ACTUALITÉ 22 mai 2026
Actualité 22 mai 2026
La fin d’une ère ?
La guerre en Iran confirme une transformation profonde de l’ordre mondial issu de la guerre de 39-45. Le droit international n’est plus respecté, le rôle de l’ONU est nié. Des multiples exemples le montrent, comme le génocide à Gaza et les attaques contre le Liban par Israël, l’attaque contre le Venezuela ou bien la tentative de déstabilisation des gouvernements progressistes en Amérique latine (“Hondurasgate”) par les USA.
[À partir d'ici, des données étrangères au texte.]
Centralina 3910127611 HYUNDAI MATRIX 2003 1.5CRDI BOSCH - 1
Nous assistons à un monde « en voie de multipolarisation », où la Chine a une influence de plus en plus prépondérante sur la scène internationale, où des pays réunis dans les BRICS veulent s’émanciper du dollar.
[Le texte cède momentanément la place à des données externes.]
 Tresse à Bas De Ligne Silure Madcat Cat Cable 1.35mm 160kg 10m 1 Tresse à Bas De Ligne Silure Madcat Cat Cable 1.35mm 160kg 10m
De plus en plus de pays comme l’Espagne, l’Irlande (pour citer les premiers de la liste) commencent à montrer leur opposition à ce nouveau monde de barbarie où la seule loi qui prévaut, c’est celle imposée par le plus fort.
C’est à nous, citoyen.nes du Monde entier, d’agir et de montrer qu’un autre Monde (plus juste avec les personnes et la nature) est possible
Toujours les mêmes !
Les conséquences négatives de ces conflits sur le prix des carburants et du gaz en France (et sur l’inflation plus généralement) ne cessent de s’accroître.
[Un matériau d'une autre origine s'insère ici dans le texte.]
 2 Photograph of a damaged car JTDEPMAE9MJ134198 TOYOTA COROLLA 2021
Les compagnies pétrolières et notamment Total Energies profitent de la situation pour faire des profits records (près de 6 milliards d’euros de bénéfices au premier trimestre pour Total). Le gouvernement français, contrairement à ce qui se fait dans d’autres pays européens, refuse (à ce jour 16 mai) le blocage des prix des carburants, notamment en plafonnant les marges des raffineurs producteurs, comme TotalEnergies.
Le gouvernement Le Cornu continue à appliquer les vieilles politiques d’E. Macron, à savoir, peu ou pas d’impôts pour les grandes fortunes et grandes sociétés et coupes budgétaires sauvages sur les services publics et les droits des plus précarisé.e.s.
Le 21 avril, un plan de 6 milliards d’euros d’économies a été dévoilé : 4 milliards à gagner sur les dépenses de l’État, soit deux fois plus que prévu, et toujours 2 milliards en matière sociale.
Donc pour résumer, ce sont presque 6 milliards d’euros de plus pour TotalEnergies et… 6 milliards d’euros de moins pour nous !
(Dys)fonction publique
C’est donc dans ce contexte austéritaire que les services publics (déjà à l’os par les précédentes coupes budgétaires) se voient attaqués une fois de plus.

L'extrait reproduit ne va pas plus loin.